Infatti, ad oggi, si può dire che è solo grazie ai movimenti di protesta e alle partecipate manifestazioni in piazza che il processo di islamizzazione della società tunisina non è stato portato a compimento. Basti pensare al tentativo di rendere, tramite la riforma costituzionale, la donna “complementare” e non più “uguale” all’uomo. Migliaia di donne e uomini hanno manifestato in diverse città della Tunisia, ottenendo la revoca della proposta. Al contrario, i partiti di opposizione, sono stati incapaci di proporre un’alternativa credibile al sistema politico, economico e sociale della Tunisia, così come di dare battaglia per la stesura di una Carta Costituzionale laica, in cui la giustizia sociale fosse il criterio principe.

E’ ripresoIn seguito a diversi eventi tra cui gli omicidi di Chokri Belaïd e di Mohamed Brahmi, gli attacchi di gruppi islamici radicali ai danni di reparti militari nella regione di Kasserine e con il conseguente acuirsi dell’instabilità sociale, politica ed economica, alcuni attori si sono messi in gioco per fungere da mediatori tra governo e l’opposizione: il sindacato (UGTT), la confindustria tunisina (l'Unione degli industriali tunisini) e la Lega per la Difesa dei diritti dell'Uomo (LTDH).

Dopo mesi di trattative tra il Governo guidato da Ennahda (il partito islamico che fa riferimento ai Fratelli Musulmani) e l’opposizione, sembrava che sabato scorso, finalmente, fosse stato raggiunto un accordo che prevedeva la creazione, in tempi brevissimi, di un Governo tecnico che traghettasse il Paese verso le elezioni.

Invece, ormai abituandoci a colpi di scena, che peraltro vanno sempre nella direzione opposta all’ideale della democrazia rappresentativa, o di qualsivoglia forma democratica, Ennahda ha posto nuove condizioni per cedere il potere. La nuova controproposta di Ennahda prevede infatti che la dissoluzione dell’esecutivo sia subordinata al termine dei lavori per la redazione della Costituzione. Questa condizione, per usare un eufemismo, rallenterebbe il passaggio del potere da Ennahda al nuovo governo tecnico, dato che i lavori sono fermi da mesi a causa dello “sciopero” dei membri dell’Assemblea Nazionale Costituente che l’hanno disertata in segno di protesta contro il governo e contro la sua incapacità di trovare una soluzione condivisa.
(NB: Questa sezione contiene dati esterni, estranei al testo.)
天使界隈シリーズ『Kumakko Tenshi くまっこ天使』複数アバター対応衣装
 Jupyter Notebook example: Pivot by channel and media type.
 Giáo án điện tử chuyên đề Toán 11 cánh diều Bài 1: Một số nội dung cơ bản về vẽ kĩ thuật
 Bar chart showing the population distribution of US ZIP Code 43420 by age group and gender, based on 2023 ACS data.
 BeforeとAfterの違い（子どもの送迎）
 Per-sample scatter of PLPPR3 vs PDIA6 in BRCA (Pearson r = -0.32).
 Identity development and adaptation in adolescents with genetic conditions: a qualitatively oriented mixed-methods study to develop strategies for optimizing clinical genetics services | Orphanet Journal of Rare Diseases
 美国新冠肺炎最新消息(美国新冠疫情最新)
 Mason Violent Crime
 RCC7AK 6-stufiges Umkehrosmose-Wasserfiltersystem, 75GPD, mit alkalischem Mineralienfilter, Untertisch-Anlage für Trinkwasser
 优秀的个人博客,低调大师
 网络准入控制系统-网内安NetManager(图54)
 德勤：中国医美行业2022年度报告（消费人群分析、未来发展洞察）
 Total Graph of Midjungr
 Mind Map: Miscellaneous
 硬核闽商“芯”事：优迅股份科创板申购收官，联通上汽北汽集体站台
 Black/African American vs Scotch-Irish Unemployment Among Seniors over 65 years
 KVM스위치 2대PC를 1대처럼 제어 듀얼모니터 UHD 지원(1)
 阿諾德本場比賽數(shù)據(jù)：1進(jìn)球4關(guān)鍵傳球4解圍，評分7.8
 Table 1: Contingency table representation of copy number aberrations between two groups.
Continueranno le trattative? Si riuscirà a definire una soluzione condivisa? In caso contrario quali possono essere i prossimi passaggi? Queste domande per ora restano senza risposta poiché la fase attuale presenta troppe incognite. Di certo rimane solo il fatto che l’instabilità della Tunisia non è casuale, ma è la conseguenza di scelte e di volontà politiche chiare.

Inoltre non è difficile comprendere le ragioni che portano Ennahda a voler rimanere al potere: i sondaggi danno il partito confessionale in forte perdita, mentre Nidaa Tounes, principale avversario politico, sta crescendo di mese in mese. Infine, solo attraverso il controllo dell’Assemblea Nazionale Costituente, Ennahda potrà determinare sostanziose modifiche alla Costituzione, che ora viene ritenuta troppo laica e poco in linea con i precetti religiosi.